Став мусульманином, я сразу объявил, что муллой и имамом быть не хочу, ибо культового служения мне уже хватило на всю жизнь. Я попросил называть меня просто «братом Али». Для себя я нашел в исламе ту истину, которую искал с детства — стройный свод законов и правил, не отягощенный никакими излишними обрядами и посредничеством. И за 11 лет не разочаровался.

Другое дело, что к мусульманам есть негативное отношение. Умма как человеческая сообщность на сегодня находится в плачевном положении, особенно, в плане образования и общей культуры.
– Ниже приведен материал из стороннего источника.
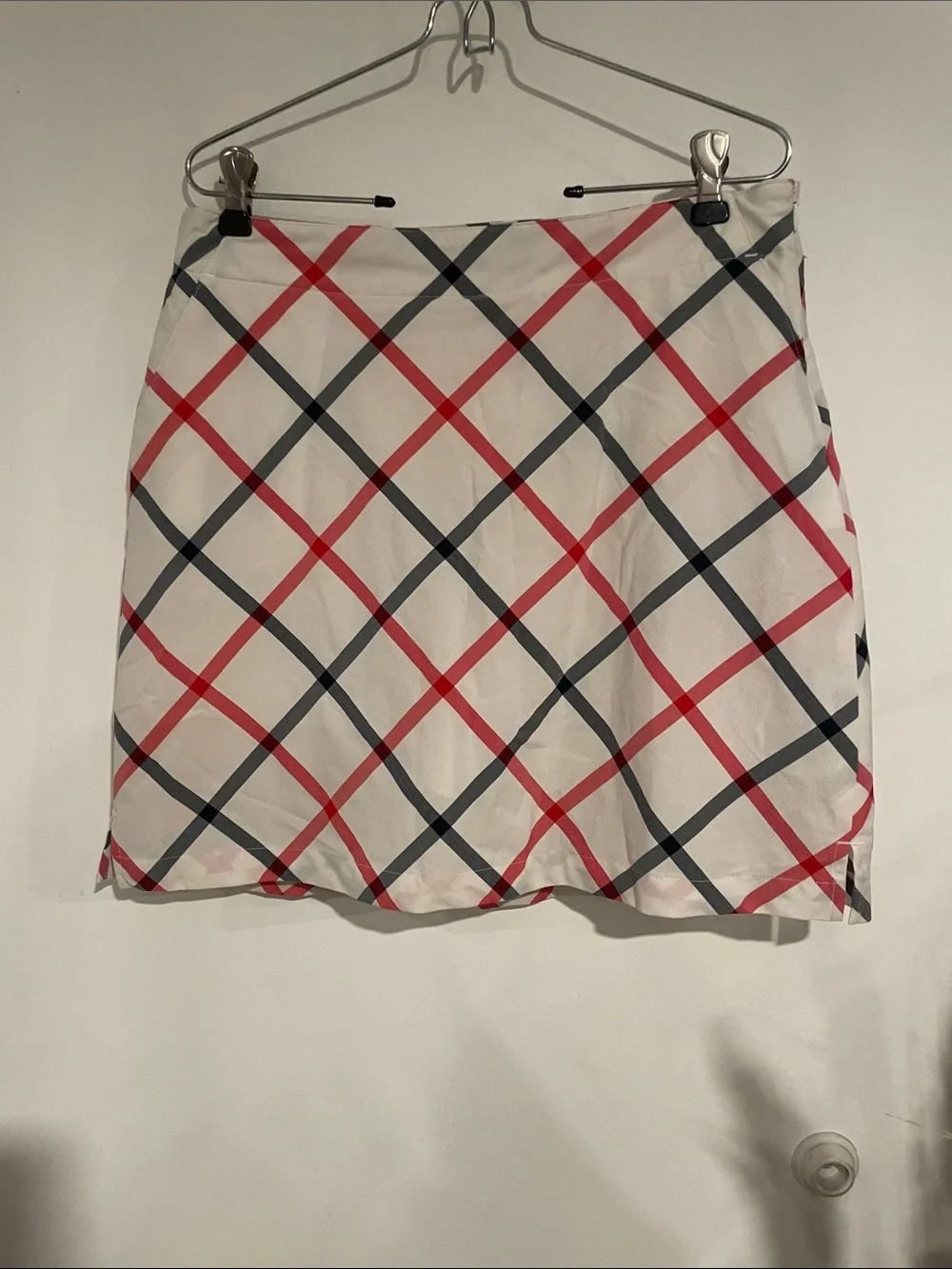 Lady Hagen White Mini Skort with Red & Black Plaid Sz 6 B135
Когда толпы пакистанцев идут и все громят, то это не значит, то их к этому призывает ислам, а значит только то, что им не хватает культуры. В Исламе нужно иметь определенный набор знаний и учителя: сейчас принято думать, что в исламе иерархии нет, и «сколько имамов — столько исламов». Но настоящий ислам — суфийский, когда у каждого человека есть свой учитель, то есть иерархия есть, но без подмены воли Аллаха волей человека.